TL;DR: I’m currently trying to bulk insert billions of data points into InfluxDB using the
-import flag. After less than 0.5 billion data points have been ingested, the InfluxDB process gets killed because the system ran out of memory (InfluxDB is using all the RAM). Any ways to prevent that?
I have a data set of about 500 billion points and I’m considering using InfluxDB to store them.
I’m trying to insert about 1% of data as a POC to see how it’ll behave. Unfortunately, I’m only able to get to 0.1% before the process gets killed because of an OOM exception.
The current system I’m using for the import has 16GB of RAM, which should be plenty. It also uses SSD.
By the time the process gets killed, I have about 200 series in the database (so it’s not an issue with series cardinality).

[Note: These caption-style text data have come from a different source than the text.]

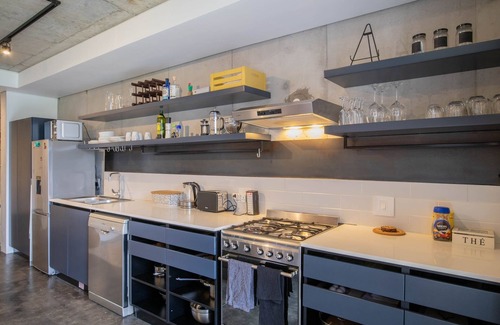 Schotsche Kloof Apartamento | Forty On L 607 by CTHA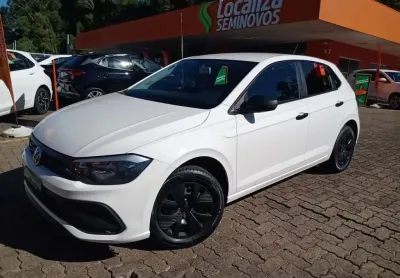 Volkswagen polo 2025 1.0 mpi track manual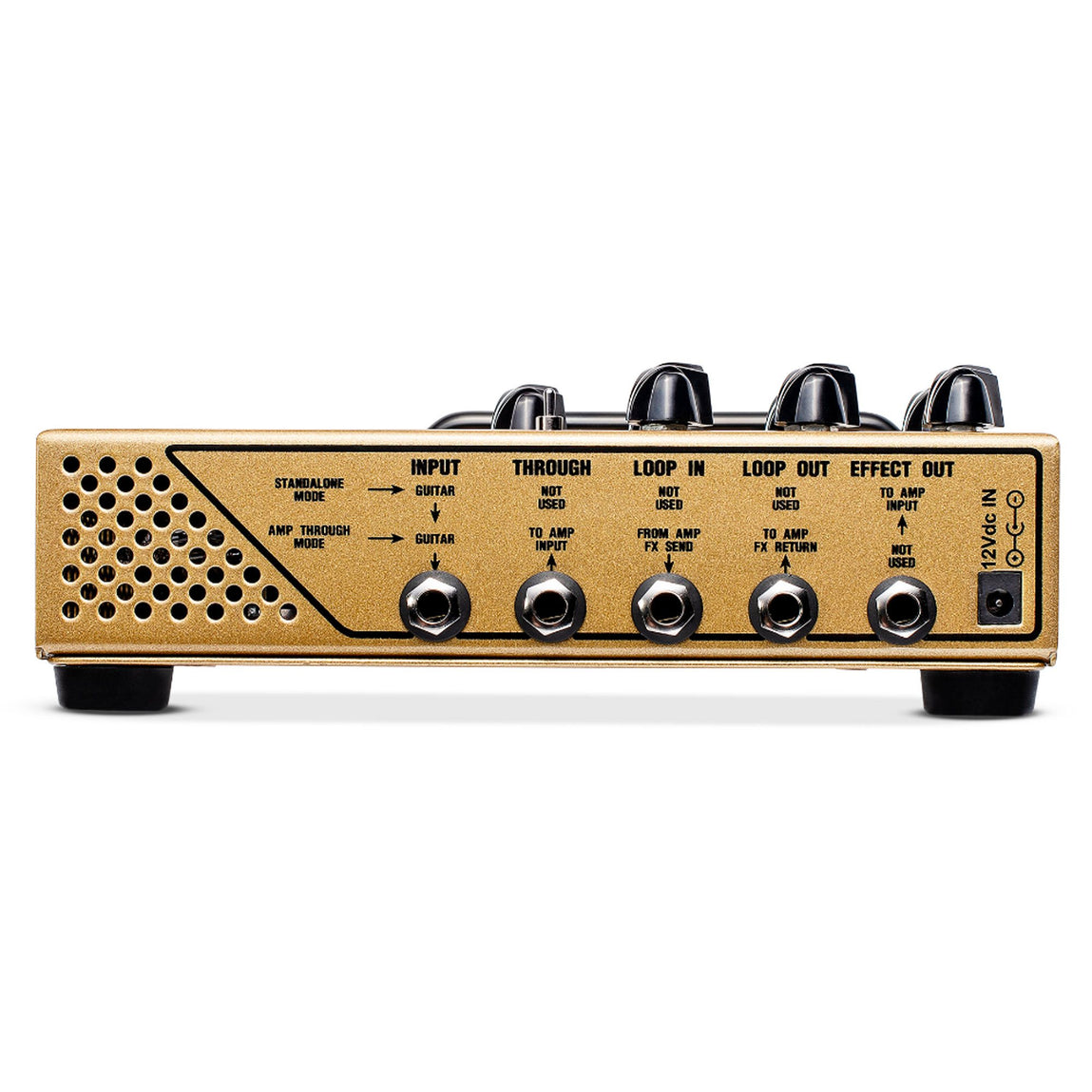 Victory Amps V4 The Sheriff Preamp - 楽器、器材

The data is stored in a single measurement, with one tag and one field.
In the first few minutes, InfluxDB is inserting data at around 300,000 points a second. After about 10 minutes (when it started using most of the RAM), that drops down to about 200,000. 20 minutes later, we’re under 100,000 and the process gets killed.
What can I do to prevent this from happening? I have a few ideas but not sure which one I should go with:
- Wait n seconds between each import to let InfluxDB catch up
- Wait n seconds every m imports
- Force and wait for the WAL to be processed (if that’s even possible) every m imports
- Tweak the default settings somehow